25. Cassandra Blob Store Cache

Date: 2020-04-03

Status

Accepted (lazy consensus) & implemented

Supercedes 14. Add storage policies for BlobStore

Context

James exposes a simple BlobStore API for storing raw data. However such raw data often vary in size and access patterns.

As an example:

Mailbox message headers are expected to be small and frequently accessed
Mailbox message body are expected to have sizes ranging from small to big but are unfrequently accessed
DeletedMessageVault message headers are expected to be small and unfrequently accessed

The access pattern of some of these kind of blobs does not fit Object Storage characteristics: good at storing big blobs, but it induces high latencies for reading small blobs.
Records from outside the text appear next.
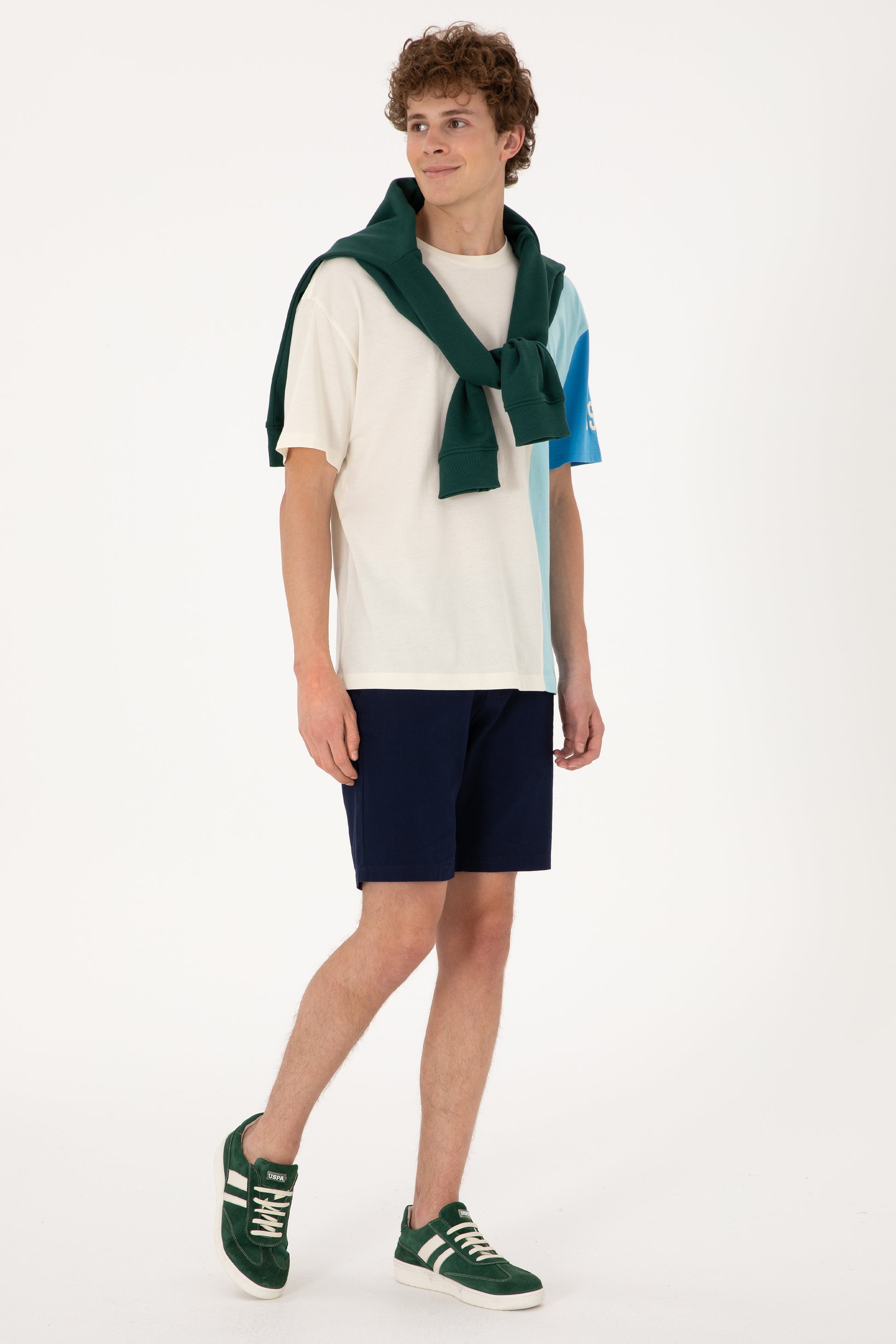 Men's Comfort Fit Crew Neck Ecru T-Shirt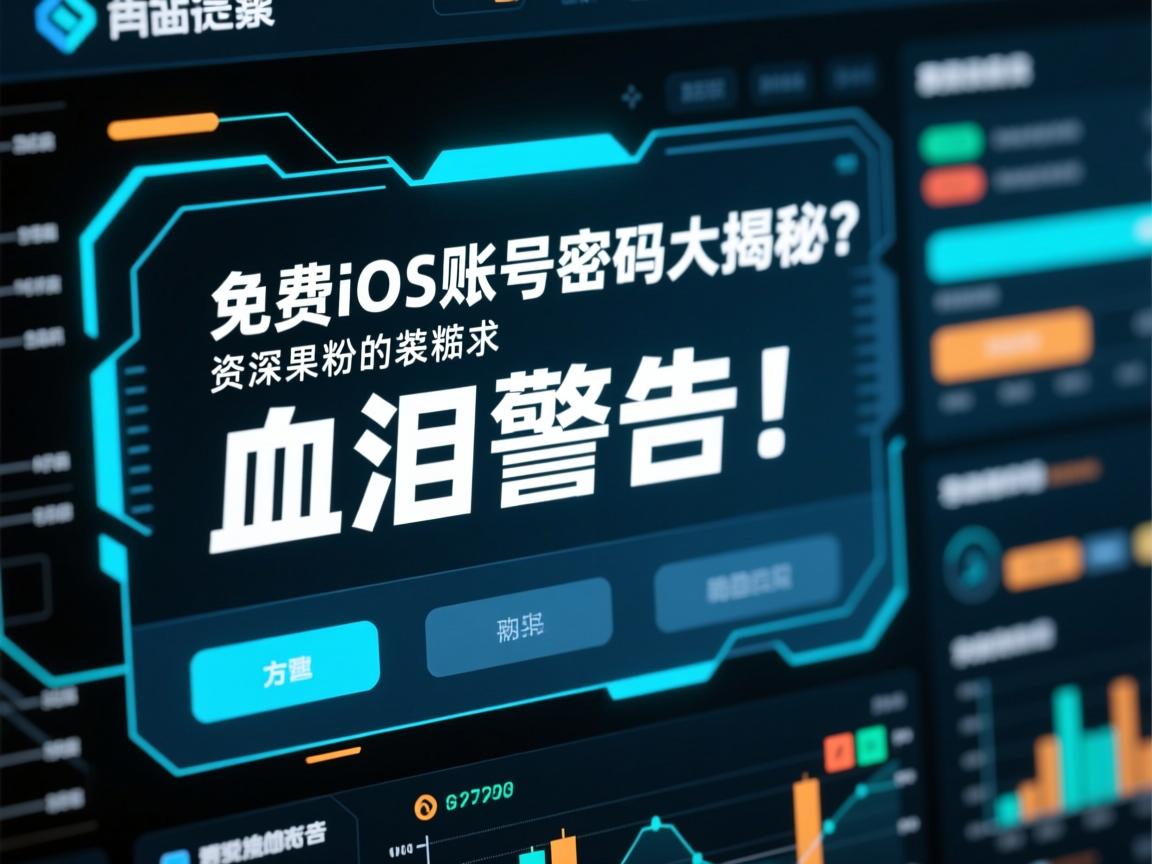 免费iOS账号密码大揭秘?资深果粉的血泪警告!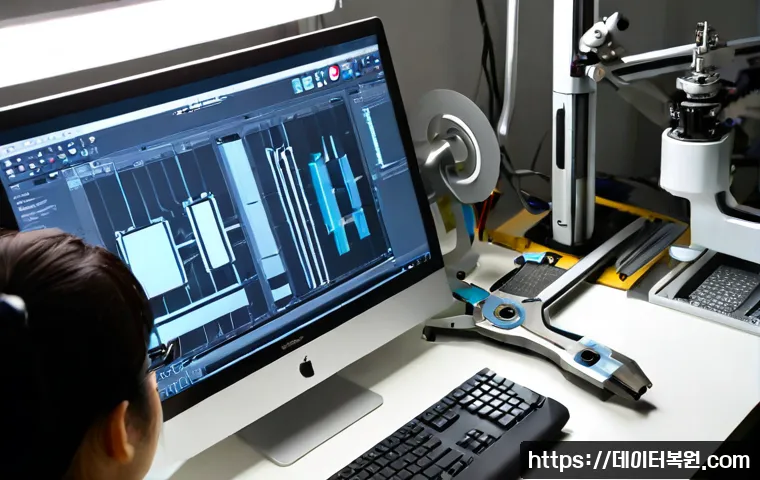 입정동 STATUS_KERNEL_CONNECTION_TIMEOUT - Photorealistic product-design workstation in an Eulji-dong style metalworking studio, industrial des...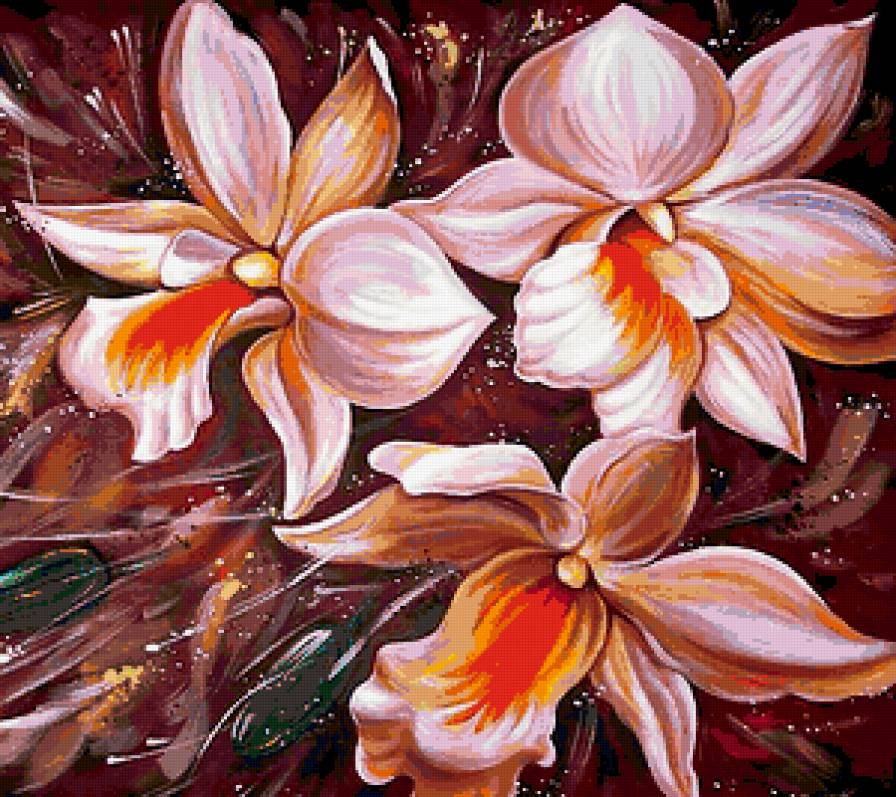 Цветочный вальс - цветы - предпросмотр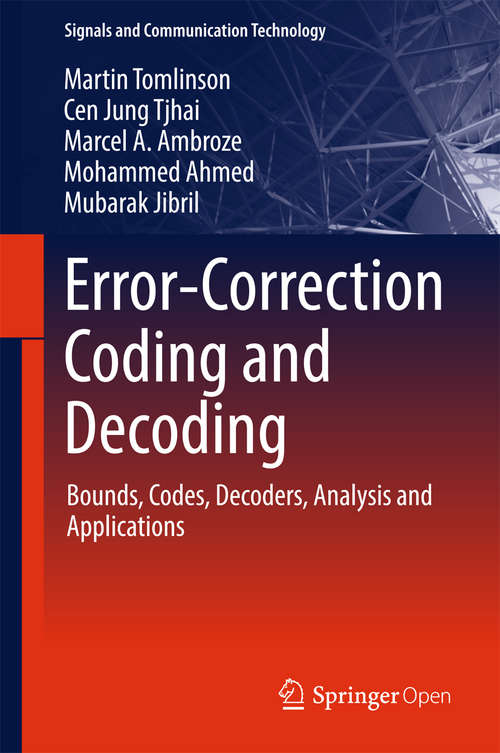 Book cover of Error-Correction Coding and Decoding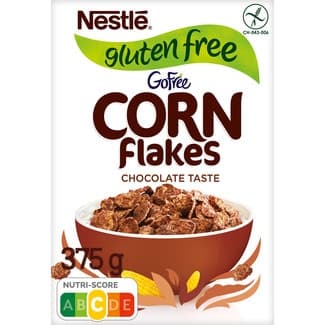 Cereales de desayuno en copos de maíz con chocolate sin gluten estuche 375 g - Nestle Go Free
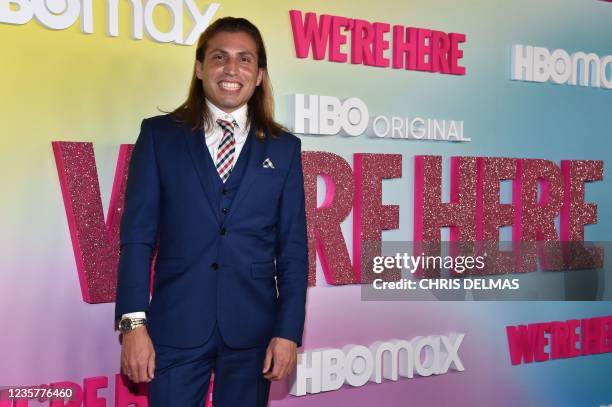 Mayor of Del Rio, Texas and "Drag Daughter" Bruno Lozano arrives for the Los Angeles Premiere of Season 2 of HBOs unscripted series "We're Here" at...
We observe latencies of around 50-100ms while Cassandra latency is of 4ms.

This gets some operations slow (for instance IMAP FETCH headers, or listing JMAP messages).

Decision

Implement a write through cache to have better read latency for smaller objects.

Such a cache needs to be distributed in order to be more efficient.

Given that we don't want to introduce new technologies, we will implement it using Cassandra.

The cache should be implemented as a key-value table on a dedicated ‘cache’ keyspace, with a replication factor of 1, and be queried with a consistency level of ONE.

We will leverage a configurable TTL as an eviction policy. Cache will be populated upon writes and missed read, if the blob size is below a configurable threashold. We will use the TimeWindow compaction strategy.

Failure to read the cache, or cache miss will result in a read in the object storage.

Consequences

Metadata queries are expected not to query the object storage anymore.

Performance tests proved such strategies to be highly effective. We expect comparable performance improvements compared to an un-cached ObjectStorage blob store.

HybridBlobStore should be removed.

Alternatives

14. Add storage policies for BlobStore proposes to use the CassandraBlobStore to mimic a cache.

This solution needed further work as we decided to add an option to write all blobs to the object storage in order:

To get a centralized source of truth
Being able to instantly rollback Hybrid blob store adoption

See this pull request

With such a proposal there is no eviction policy. Also, the storage is done on the main keyspace with a high replication factor, and QUORUM consistency level (high cost).

To be noted, as cached entries are small, we can assume they are small enough to fit in a single Cassandra row. This is more optimized than the large blob handling through blobParts the CassandraBlobStore is doing.